## Material provided
══════
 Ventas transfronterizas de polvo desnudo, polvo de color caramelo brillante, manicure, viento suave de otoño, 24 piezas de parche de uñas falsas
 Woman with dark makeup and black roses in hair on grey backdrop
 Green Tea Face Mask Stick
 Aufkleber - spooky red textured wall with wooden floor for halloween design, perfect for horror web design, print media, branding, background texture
══════
## Task details
Using the listing above, state how many lines contain the string "with". Give the number by itself.

## Your solution
2